Here, Natalie plays the guitar and sings the old Yes song “And You and I.” Suella gets overwhelmed with how beautiful her daughter’s voice sounds. She had never heard her sing before. And the words to the old Yes song sum up perfectly what their outing to the beach means, and how they have the rest of their lives to work out their differences with each other. I will write out the lyrics as Natalie sings them, and note her mother’s heartfelt reaction as she leans forward, sitting on the edge of the rocking chair seat, until it slides out from under her and she hits the floor, butt-first, just as Natalie has finished singing the song.
They both laughed, but Natalie rushed forward. She pushed the gadget button, extinguishing the guitar as she leaped up and lent a hand to help her mother pick herself up off the floor. When they both stood they still laughed slightly, but Suella reached out for her daughter once again, bringing her in for a warm, heartfelt embraced. “That was so beautiful,” she said, a tear splashing her cheek. “I’m so proud of you.”
Later they sat together in the den watching television after a nice dinner of stir-fry. Neither one of them watched the movie very closely, which was a tired old heist caper story with too many twists and turns. “So I hope I’m not opening Pandora’s Box here,” Suella said, “But just how are you and David going to pay for this apartment you’re planning on getting?”
“I’ve got plenty of money,” Natalie murmured, still looking at the television screen.
“Doing what?
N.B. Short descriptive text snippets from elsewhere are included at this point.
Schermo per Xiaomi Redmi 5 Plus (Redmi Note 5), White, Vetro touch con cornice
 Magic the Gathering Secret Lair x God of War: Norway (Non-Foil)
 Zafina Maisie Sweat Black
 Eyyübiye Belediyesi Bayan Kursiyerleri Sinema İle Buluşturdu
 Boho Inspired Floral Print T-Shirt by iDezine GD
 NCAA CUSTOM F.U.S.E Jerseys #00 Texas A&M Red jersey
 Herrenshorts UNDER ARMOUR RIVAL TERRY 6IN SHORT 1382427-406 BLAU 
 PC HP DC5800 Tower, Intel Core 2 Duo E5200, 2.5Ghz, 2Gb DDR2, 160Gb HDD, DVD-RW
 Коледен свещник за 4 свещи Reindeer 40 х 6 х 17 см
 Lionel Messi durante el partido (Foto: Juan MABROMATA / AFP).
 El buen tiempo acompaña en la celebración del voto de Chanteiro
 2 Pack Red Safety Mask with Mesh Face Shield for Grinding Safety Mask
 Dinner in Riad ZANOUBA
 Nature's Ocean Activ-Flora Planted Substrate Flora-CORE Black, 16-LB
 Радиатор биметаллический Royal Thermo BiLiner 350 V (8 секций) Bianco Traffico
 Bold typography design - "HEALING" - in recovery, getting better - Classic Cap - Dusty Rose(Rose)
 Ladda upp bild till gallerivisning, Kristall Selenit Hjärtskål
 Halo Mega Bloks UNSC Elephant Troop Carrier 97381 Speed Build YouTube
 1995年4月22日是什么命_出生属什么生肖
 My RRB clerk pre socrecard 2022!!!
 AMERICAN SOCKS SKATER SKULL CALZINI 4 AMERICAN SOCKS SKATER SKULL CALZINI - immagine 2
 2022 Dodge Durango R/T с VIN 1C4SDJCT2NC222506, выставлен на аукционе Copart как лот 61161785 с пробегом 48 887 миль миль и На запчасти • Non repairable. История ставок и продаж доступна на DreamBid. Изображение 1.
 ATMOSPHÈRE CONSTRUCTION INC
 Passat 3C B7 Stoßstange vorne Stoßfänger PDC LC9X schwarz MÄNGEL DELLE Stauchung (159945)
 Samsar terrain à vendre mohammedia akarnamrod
Do you take that thing around and do concerts with it?”
Natalie smiled and looked at her. “In a way, kind of. I’ve played it on a few casts before.”
“Casts? What’s that?”
“Little videos on the net,” she replied. “If you want to see one, I could probably find it…”
“That’s okay. Maybe another time.” She gazed at her intelligent daughter as if seeing her for the first time, on a net-cast. “So you’re on those social sites, that pay, I take it? I thought that was one big scam.”
Natalie shrugged as she stared straight ahead at the screen. “Maybe when I was a little kid it was. They’ve got all the bugs worked out now, though.”
“Oh, do they?”
Her daughter was much more interested in the movie they were watching than she was. When Suella checked the image on the screen, she saw a teenage girl with a boy and arrow shoot it at another teenager on what appeared to be a sandy beach.
When they stayed at the beach house, they always went to bed early. The events of that day had exhausted Suella more than a whole day of helping solve client’s security problems. As a result, she fell into a deep sleep almost as soon as her head hit the pillow. Quickly, she drifted off into her dreams, one of which featured her as a soccer player on an impossibly green checker-boarded field, deftly pushing the ball along with her foot, weaving in and around other young girls.
She had only played soccer as a ten year old, having lost interest in it by the time she reached junior high.
Hours later she woke up, still remembering the dream. Had she and Natalie shared a dream? Someone who learned that Natalie was a clone asked her if they shared dreams at night, or if someone hit Natalie whether she felt it too.
Suella had drunk a couple of glasses of wine with dinner. Wine always made her have to pee, so she lifted herself from bed and lumbered off toward the bathroom. There was only one bathroom in the small house, and she passed the opened door of Natalie’s room on the way there. She stopped for a moment to gaze at her daughter’s peacefully sleeping face, enhanced by the glow of unusually bright moonlight. So precious, she reflected.
She went back to sleep and woke up hours later. Should she tell Natalie about the dream? Only if it came up through the course of normal conversation, she resolved, as she promptly went to work making omelets with low cholesterol eggs.
With tousled hair but bright eyes, Natalie walked into the kitchen a short time later, giving her mother a quick hug.
If she’d been pregnant, Suella supposed, it would have been much harder for her to lift herself out of bed, especially at the beginning of the pregnancy. Together they finished cooking the omelets and potatoes and getting the morning coffee ready. Natalie squeezed a few juice oranges in a strange electric juicer the size of a soda can.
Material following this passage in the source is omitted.